Французский словарь Le Robert (1993) так толкует понятие менталитета, очевидно заимствованное нами из франкофонной среды: «Mentalité – ensemble de croyances et habitudes d’esprit qui informent et commandent la pensée d’une collectivité commune à chaque membre de cette collectivité». Перефразируя, добавим: менталитет – это своего рода игра в ассоциации, устанавливающая между базовыми для этноса понятиями связи, нетривиальные с точки зрения другого этноса.
Проследить связь понятий коннотации и менталитета и есть одна из основных задач нашего исследования.

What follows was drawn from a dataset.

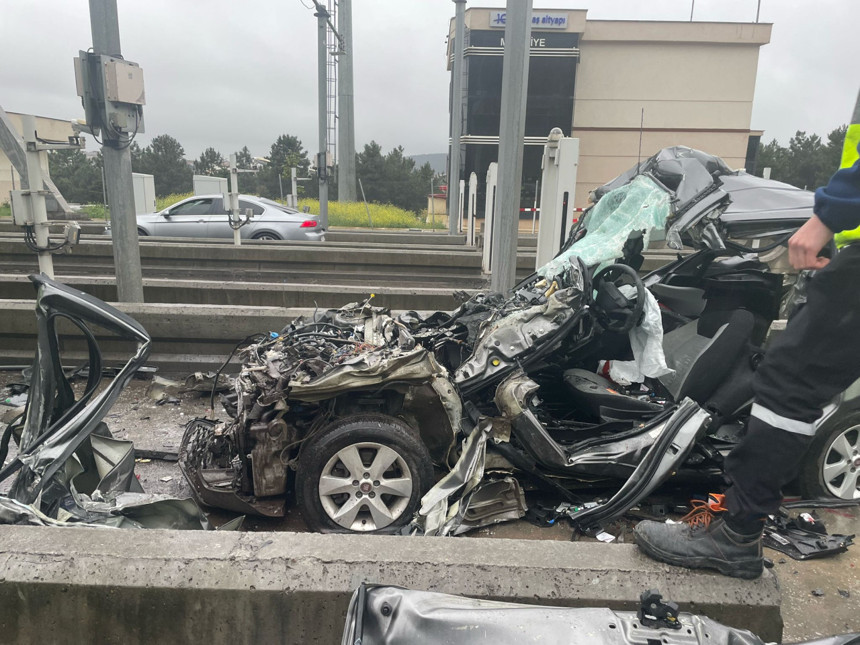 Pendik gişelerinde bir ölümlü kaza daha! Araç yine TIR'ın altına girdi - Resim : 3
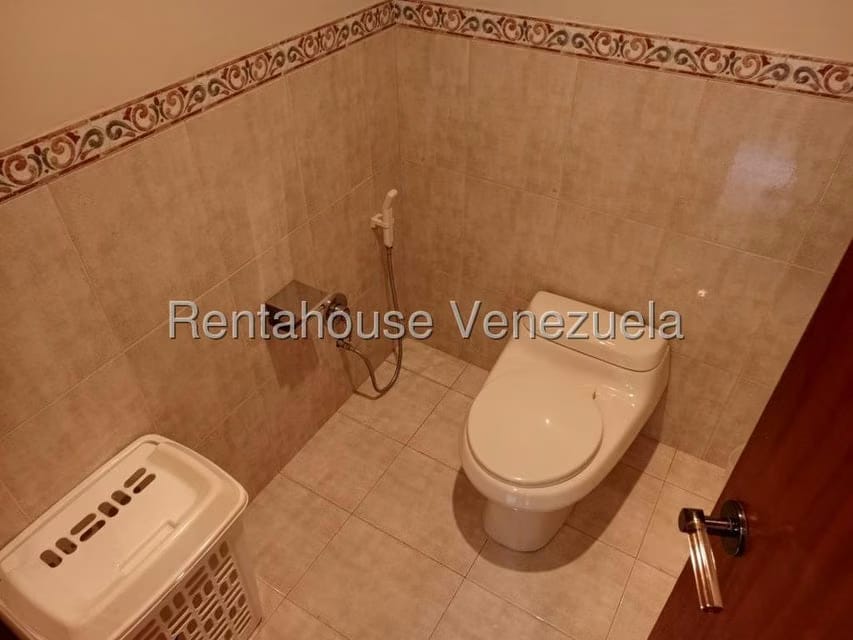 Casa (1 Nivel) en Venta en Oripoto, Distrito Metropolitano - 28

Вводя контрастивную тему, мы осторожно пользовались словами аналог, эквивалент применительно к словам разных языков, обозначающим приблизительно или в точности одно и то же. Вопрос «Что такое эквивалент данному понятию в другом языке и какие эти эквиваленты бывают» представляется нам достаточно сложным и требующим отдельного обсуждения.

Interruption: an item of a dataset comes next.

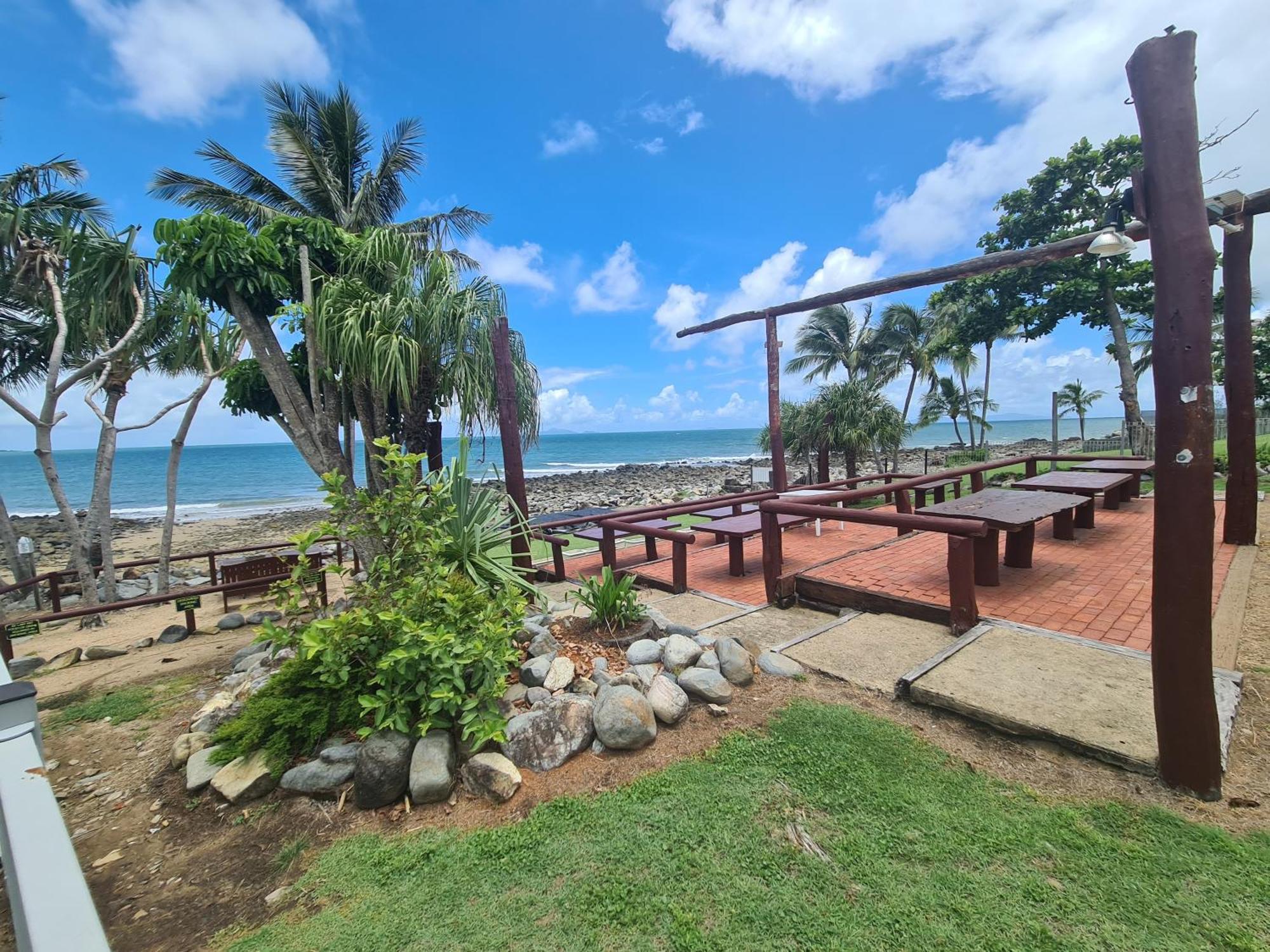 Dolphin Heads - Resort Unit - Absolute Beachfront! - Whitsunday Getaway! Mackay Exterior foto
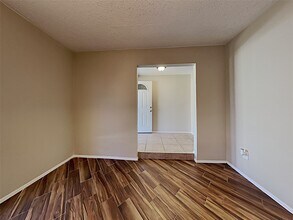 24111 Spring Towne Dr in Spring, TX - Building Photo - Building Photo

Что такое эквивалент? Типы эквивалентов
О несовпадении понятия в двух языках (обозначая ситуацию таким образом, мы как бы намекаем, что рассматриваем некоторый концепт, смысловой инвариант, и его обозначения в разных языках) очевидным образом свидетельствует затруднение, возникающее при его переводе с одного языка на другой (38). Всегда проще оперировать не отдельным словом, а контекстом, который допроявляет смысл, нюанс значений слов и, в частности, того слова, над которым мы в данную минуту ломаем голову. Так, например, чтобы перевести на французский язык уже цитировавшееся слово страх, нужно назвать десяток слов, среди них окажутся обозначения также и пограничных с ним состояний, например, angoisse, весь синонимический ряд, а это уже не перевод, а обозначение семантического поля… А вот контекст сразу подсказывает, в сторону какого страха нужно «двигаться». Если мы хотим перевести на французский язык «он томился неведомым страхом, сам не зная отчего», уместно использовать angoisse, а если «он старался побороть свой страх, считая недостойным испытывать его по столь ничтожному поводу», то уместно употребить épouvanté или peur, в зависимости от дополнительного, подсказанного более широким контекстом смыслового нюанса. Этот факт с очевидностью свидетельствует о том, что языки не слишком приспособлены для взаимного перевода, каждый переводчик сталкивался с переводческими муками, которые в том и заключаются, что «подогнать» один язык под другой – задача невыполнимая, даже если перевод конкретных слов прост и с легкостью отыскивается в словаре. При этом каждый переводчик знает, что есть слова, которые вообще на другой язык не переводятся.
Но как же так? Антропологи и в частности Э. Б. Тэйлор, которого мы цитировали в самом начале этой главы, утверждали, что глобально между этносами мало различий, все люди озабочены выживанием, безопасностью, достижением целей продолжения рода и процветания. Об этом же толкуют и многие социологи, создавая различные модели потребностей (пирамида потребностей Маслоу, например), которые вовсе не обнаруживают национальной специфики (39). Ответ прост: в конкретном, непридуманном, немифилогизированном бытии много универсального. Отличия обнаруживаются в мире придуманном, абстрактном, в тех мифах, которыми различные этносы обернули свое существование. Применительно к нашей теме важно уяснить следующее: там, где есть проблема перевода, есть специфика менталитета, там, где ее нет, мы говорим о человеческой феноменологии, а не о локальной системе отражения предметов, понятий, идей.